Note that the content of a <script> element is CDATA. All those things that look like elements are actually escaped text.

Use Case: Embed XML

Belt and suspenders

  1  &lt;data&gt;
  2    &lt;title&gt;Your XML&lt;/title&gt;
  3    &lt;gpx xmlns=""&gt;
  4      &lt;wpt lat="50.077484" lon="14.443800"&gt;
  5        &lt;ele&gt;200.08&lt;/ele&gt;
  6        &lt;time&gt;2007-01-06T17:33:04Z&lt;/time&gt;
  7        &lt;name&gt;001&lt;/name&gt;
  8        &lt;sym&gt;Restaurant&lt;/sym&gt;
  9      &lt;/wpt&gt;
 10    &lt;/gpx&gt;
 11  &lt;/data&gt;
Foil #22

Finally, it's important to note that just because HTML5 doesn't have distributed extensibility mechanisms doesn't mean that it doesn't have any extensibility. It has a bunch of extesibility mechanisms, maybe you should just use those.

Use Case: Embed XML

Use the HTML5 extensibility mechanisms

  1<div class="data">
  2  <h1 class="title">Your XML</h1>
  3  <div class="gpx">
  4    <div class="wpt"
  5         data-lat="50.077484" data-lon="14.443800">
  6      <span class="ele">200.08</span>
  7      <span class="time">2007-01-06T17:33:04Z</span>
  8      <span class="name">001</span>
  9      <span class="sym">Restaurant</span>
 10    </div>
 11  </div>
Foil #23

One of the things that pushed HTML and XML apart is that XML's error handling is arguably inappropriate in a web context. We could try to fix those things.

Use Case: a more forgiving XML

How can XML be made easier to use?

  • Guaranteeing that you'll get well-formed XML out of naive attempts to generate it with “print” statements is tricky.

  • Rules could be devised for providing some degree of markup minimization/error correction in XML.

  • It's possible to consider other simplifications as well, for namespaces, for example.

Foil #24

The Task Force talked about XForms but failed to craft a use case on which we could all agree.

Use Case: XForms?

  • Is XForms a use case or a specific solution to the use case of better form controls?

  • Is XFroms different in some substantial way than the general “embedding XML in HTML” use case?

Foil #25


What you can do

  • Review the Task Force Report

  • Talk to the communities you know about the use cases they have.

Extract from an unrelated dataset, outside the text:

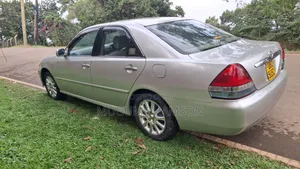 Toyota Mark II 2004 Silver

  • Report use cases that you think are not met.

Foil #26

If you're as depressed as I am, remember that the future is longer than the past. Just because things are bad today doesn't mean they can't be made better in the future.

Future history?

Foil #27

Thank you!

Foil #28

Hope that was useful.


I'm not sure what your arrows mean. I would have expected the line between HTML and HTML5 to be solid rather than dotted, because HTML5 is designed to be (almost) fully backward-compatible with HTML.

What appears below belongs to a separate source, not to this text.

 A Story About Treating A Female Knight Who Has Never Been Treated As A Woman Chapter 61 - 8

Posted by Secret Squirrel on 27 Mar 2011 @ 10:40pm UTC #

Yeah, that's fair. I changed that back and forth several times while I was working on the graphics. In the end, I think I chose a dashed line because it feels like the (re)specification of the parsing algorithm makes it a less direct descendant.

But maybe it should have been solid.

Posted by Norman Walsh on 28 Mar 2011 @ 11:07am UTC #
Comments on this essay are closed. Thank you, spammers.